I looked at the available seats. Joe and Gavin were on opposite ends of the same part of the sectional, and Mel had perched on the loveseat. It seemed wiser to sit next to her.

“What’s the score?”

“0-7. Marcus just scored a touchdown,” Mel said. “Rushed sixty yards.”

“Holy shit. Did they already show a replay?”

“Yeah, but it will come on again. It was a damn good moment.” Mel shook her head. “His athleticism is awesome.”

“Too bad Tony Donahue snapped him up before you did,” Joe commented between giving me side eyes. “You’d have been able to represent the Three Musketeers.”

They started talking business, and I tuned them out. For all that I had developed a passing interest in football in the last couple of months, discussing players’ salaries still made me uncomfortable. Especially since I was starting to view professional football as a trade-off between their health and money. It was something Gavin talked about more than he probably realized, and it’d slowly become my concern as well.

In five years, when Gavin was in his early thirties and had no choice but to retire, what would he do? He’d have money . . . but what would he do with it?

My eyes went to him. He was sprawled on the couch lazily, not unlike the position he’d been in the first time I set eyes on him, but this time he was doing nothing to hide the fact that he was checking me out. Doing a slow circuit of me in my grunge-era outfit, and absently rubbing his thumb against his lower lip.
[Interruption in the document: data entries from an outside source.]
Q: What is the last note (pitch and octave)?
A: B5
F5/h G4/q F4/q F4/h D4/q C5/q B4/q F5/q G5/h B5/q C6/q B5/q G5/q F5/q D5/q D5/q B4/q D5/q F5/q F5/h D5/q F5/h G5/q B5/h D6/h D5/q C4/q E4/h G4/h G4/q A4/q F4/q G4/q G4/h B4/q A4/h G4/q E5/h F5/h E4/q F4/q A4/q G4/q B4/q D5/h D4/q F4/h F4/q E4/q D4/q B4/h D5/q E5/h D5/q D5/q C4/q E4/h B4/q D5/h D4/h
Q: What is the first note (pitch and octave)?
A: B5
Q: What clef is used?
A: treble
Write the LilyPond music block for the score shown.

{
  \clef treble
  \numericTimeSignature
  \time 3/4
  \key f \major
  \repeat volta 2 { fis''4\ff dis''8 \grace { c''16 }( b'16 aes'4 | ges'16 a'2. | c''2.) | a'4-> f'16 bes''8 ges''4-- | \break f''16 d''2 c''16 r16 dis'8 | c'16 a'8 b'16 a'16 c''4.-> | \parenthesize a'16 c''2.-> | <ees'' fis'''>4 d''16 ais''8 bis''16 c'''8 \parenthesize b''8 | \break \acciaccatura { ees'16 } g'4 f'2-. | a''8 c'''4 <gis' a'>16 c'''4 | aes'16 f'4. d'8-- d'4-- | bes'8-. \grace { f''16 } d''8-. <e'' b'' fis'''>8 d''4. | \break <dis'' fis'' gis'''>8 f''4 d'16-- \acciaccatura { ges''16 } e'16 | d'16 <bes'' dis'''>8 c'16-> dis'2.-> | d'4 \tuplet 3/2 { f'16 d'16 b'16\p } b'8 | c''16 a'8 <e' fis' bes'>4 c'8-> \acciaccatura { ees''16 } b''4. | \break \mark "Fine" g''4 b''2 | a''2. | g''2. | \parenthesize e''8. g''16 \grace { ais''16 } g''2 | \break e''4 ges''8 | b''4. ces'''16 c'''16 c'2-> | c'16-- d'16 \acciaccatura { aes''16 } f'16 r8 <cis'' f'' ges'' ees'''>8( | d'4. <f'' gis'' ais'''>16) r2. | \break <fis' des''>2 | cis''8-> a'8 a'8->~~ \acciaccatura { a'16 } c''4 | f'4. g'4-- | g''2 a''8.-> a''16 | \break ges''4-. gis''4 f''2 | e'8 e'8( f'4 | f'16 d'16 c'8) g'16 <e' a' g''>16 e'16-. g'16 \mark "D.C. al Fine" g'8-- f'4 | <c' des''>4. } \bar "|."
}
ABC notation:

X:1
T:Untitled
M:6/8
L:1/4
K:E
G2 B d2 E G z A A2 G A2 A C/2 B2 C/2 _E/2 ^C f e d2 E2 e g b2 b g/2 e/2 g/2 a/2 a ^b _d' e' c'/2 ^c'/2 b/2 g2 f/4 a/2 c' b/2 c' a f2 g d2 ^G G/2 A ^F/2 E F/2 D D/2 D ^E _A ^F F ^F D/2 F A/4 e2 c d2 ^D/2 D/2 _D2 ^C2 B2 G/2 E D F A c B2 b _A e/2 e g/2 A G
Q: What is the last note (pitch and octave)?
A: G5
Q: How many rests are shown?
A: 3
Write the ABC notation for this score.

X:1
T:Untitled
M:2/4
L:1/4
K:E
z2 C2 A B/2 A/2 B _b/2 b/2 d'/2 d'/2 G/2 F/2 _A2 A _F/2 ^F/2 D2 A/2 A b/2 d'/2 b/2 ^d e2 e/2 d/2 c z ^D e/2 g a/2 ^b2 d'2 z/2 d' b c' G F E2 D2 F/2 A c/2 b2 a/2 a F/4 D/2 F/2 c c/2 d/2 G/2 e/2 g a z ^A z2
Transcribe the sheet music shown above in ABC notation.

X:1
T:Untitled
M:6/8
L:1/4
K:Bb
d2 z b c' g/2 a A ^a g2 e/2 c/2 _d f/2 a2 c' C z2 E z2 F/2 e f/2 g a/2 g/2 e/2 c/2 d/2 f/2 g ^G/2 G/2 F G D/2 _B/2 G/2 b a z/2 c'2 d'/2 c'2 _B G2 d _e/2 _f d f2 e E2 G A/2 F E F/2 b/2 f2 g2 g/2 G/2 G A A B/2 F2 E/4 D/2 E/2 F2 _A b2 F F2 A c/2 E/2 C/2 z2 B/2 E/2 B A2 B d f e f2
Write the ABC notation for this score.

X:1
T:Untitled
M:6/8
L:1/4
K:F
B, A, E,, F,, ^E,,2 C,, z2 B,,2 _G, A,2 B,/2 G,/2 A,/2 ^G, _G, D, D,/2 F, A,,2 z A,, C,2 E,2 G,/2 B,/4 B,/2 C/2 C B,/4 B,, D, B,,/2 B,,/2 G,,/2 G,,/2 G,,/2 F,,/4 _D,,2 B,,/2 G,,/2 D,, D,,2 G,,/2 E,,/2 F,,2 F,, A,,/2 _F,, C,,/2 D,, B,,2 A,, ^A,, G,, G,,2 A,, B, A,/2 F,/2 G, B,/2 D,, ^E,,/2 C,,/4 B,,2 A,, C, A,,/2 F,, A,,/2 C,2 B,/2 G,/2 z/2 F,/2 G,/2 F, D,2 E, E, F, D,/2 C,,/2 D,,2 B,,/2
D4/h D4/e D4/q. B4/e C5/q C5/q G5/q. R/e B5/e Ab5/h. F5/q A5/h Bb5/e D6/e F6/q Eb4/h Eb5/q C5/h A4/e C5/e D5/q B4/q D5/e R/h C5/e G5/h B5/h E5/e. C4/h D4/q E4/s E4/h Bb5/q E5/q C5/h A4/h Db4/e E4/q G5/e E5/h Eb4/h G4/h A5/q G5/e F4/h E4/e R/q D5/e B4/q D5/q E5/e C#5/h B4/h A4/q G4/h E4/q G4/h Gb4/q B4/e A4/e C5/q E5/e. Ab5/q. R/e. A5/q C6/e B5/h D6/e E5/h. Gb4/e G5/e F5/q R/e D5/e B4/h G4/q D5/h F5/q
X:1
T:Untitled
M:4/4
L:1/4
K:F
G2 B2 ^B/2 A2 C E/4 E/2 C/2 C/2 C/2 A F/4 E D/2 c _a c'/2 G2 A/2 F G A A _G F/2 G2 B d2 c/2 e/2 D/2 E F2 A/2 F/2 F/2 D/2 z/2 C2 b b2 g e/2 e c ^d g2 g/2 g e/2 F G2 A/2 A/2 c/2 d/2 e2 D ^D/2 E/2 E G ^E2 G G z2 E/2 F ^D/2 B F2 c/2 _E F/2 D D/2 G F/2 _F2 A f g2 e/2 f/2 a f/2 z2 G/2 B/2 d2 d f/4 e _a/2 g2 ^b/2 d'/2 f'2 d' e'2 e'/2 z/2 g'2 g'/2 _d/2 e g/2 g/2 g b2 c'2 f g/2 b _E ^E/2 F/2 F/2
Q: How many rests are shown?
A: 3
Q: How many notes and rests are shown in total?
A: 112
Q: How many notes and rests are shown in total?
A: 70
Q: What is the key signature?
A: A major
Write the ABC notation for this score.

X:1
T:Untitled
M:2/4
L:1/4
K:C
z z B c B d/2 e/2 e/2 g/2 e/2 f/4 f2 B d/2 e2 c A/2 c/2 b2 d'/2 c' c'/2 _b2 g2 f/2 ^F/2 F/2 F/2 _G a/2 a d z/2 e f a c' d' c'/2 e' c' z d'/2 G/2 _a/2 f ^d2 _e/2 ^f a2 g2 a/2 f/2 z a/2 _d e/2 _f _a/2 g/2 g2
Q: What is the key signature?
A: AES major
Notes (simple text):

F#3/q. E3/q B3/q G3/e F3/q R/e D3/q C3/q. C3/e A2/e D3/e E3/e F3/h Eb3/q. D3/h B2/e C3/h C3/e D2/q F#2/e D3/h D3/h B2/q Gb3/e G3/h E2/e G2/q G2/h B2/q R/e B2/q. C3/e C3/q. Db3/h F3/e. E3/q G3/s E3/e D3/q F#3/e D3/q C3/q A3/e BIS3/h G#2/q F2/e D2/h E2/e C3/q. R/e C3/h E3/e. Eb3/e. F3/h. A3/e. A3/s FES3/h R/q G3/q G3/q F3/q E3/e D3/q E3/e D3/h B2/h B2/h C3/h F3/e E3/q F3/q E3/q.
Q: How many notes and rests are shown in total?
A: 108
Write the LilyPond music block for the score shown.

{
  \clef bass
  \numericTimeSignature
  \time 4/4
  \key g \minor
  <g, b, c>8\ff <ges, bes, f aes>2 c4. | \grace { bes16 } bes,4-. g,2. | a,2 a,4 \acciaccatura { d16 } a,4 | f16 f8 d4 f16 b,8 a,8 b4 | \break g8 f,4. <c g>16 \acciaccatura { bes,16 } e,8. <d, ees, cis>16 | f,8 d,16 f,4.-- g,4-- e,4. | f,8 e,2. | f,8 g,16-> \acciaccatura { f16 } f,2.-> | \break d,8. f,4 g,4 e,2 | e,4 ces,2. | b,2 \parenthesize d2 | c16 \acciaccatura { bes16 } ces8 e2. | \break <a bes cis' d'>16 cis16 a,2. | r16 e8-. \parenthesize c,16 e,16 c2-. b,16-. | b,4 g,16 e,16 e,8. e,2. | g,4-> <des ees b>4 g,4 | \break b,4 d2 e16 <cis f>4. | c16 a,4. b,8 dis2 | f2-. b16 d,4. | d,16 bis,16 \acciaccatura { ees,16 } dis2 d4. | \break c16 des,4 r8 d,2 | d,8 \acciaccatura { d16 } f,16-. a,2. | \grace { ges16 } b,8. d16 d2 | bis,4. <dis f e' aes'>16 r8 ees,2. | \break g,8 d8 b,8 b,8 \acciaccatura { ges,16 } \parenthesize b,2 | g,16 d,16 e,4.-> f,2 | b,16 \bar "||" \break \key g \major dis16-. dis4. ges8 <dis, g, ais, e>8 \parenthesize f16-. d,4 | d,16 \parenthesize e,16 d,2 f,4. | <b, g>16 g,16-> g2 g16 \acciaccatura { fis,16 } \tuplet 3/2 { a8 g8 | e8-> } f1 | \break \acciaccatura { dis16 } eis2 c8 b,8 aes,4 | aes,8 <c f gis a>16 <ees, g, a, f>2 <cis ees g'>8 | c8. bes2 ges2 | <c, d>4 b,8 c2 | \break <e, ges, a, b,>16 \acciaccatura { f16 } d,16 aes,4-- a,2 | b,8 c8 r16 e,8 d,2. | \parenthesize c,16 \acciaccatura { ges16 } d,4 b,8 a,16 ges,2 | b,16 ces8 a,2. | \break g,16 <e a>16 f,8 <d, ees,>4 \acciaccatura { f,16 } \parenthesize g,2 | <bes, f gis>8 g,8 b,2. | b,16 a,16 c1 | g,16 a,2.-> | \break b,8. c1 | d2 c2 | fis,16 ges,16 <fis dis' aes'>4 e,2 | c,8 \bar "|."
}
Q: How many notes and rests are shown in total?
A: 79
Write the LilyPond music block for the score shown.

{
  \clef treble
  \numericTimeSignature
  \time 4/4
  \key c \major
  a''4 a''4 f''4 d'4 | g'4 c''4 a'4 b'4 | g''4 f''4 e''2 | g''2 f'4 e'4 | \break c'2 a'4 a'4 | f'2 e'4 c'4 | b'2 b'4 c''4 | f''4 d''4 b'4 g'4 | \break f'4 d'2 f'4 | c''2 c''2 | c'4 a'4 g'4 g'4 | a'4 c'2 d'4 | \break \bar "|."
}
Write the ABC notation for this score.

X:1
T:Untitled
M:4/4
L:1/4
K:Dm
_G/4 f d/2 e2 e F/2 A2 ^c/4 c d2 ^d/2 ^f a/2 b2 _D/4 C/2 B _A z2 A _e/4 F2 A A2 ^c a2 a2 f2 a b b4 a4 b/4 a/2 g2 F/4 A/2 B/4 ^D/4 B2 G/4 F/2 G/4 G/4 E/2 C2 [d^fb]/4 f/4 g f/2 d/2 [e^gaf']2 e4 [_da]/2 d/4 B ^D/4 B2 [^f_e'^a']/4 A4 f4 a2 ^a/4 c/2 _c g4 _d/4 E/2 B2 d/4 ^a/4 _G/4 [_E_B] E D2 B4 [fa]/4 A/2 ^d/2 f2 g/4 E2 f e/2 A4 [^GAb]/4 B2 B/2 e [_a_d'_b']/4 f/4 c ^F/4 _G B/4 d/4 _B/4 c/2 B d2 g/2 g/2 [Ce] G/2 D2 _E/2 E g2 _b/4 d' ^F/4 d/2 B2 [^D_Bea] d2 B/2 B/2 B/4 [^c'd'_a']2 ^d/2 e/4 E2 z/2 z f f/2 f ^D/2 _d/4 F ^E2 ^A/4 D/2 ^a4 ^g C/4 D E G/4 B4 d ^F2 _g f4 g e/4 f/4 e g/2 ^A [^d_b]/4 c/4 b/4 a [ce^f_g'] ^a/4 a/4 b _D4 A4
I swallowed hard. Gavin smirked.

He was going to get us in so much trouble. It felt like we were sitting there flirting across the room with our parents nearby. Parents who very much did not want us together.

The next quarter wasn’t as exciting as the first, but in the third I found myself leaping to my feet and screaming as Phil, Gavin’s backup, scored a touchdown with an eighty-yard kick return. After my initial excitement my eyes flew to Gavin, wondering if seeing his replacement burned, but he was ecstatic. And when our eyes met, his face lit up further.

Without warning, he pulled me into a monstrous bear hug that took my feet off the floor. I laughed, unable to help it.

“I can’t believe you like football after all that shit you talked,” he said after putting me down. “Simeon and Marcus called it.”

“They did. But I don’t know if I’d care if anyone else was playing.”

Gavin thumped his chest. “Don’t matter as long as you root for me, baby. Next thing you know you’ll be tailgating.”

“I don’t even know what that means.”

“I know, but listening to you come up with dumbass possibilities would be funny.”